(What is required): Look for the word "image" in the entries below, then copy every line that has it.

(Records excerpted from a collection)
*-*-*
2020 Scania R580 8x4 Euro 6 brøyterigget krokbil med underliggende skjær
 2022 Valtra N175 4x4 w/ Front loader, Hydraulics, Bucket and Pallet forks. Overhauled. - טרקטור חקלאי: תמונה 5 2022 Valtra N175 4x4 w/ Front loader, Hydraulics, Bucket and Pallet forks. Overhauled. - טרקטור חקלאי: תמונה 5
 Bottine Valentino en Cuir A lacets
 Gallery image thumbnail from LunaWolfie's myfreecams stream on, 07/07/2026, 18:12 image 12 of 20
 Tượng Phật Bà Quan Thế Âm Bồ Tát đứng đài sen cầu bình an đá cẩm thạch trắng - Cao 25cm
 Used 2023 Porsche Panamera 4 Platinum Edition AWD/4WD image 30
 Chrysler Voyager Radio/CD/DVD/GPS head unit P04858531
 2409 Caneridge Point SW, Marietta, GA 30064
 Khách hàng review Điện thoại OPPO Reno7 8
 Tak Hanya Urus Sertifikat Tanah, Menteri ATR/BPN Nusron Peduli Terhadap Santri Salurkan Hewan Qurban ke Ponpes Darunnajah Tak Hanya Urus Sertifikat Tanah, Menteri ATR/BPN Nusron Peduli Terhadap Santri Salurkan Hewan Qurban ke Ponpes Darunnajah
*-*-*
(The answer):
 Gallery image thumbnail from LunaWolfie's myfreecams stream on, 07/07/2026, 18:12 image 12 of 20
 Used 2023 Porsche Panamera 4 Platinum Edition AWD/4WD image 30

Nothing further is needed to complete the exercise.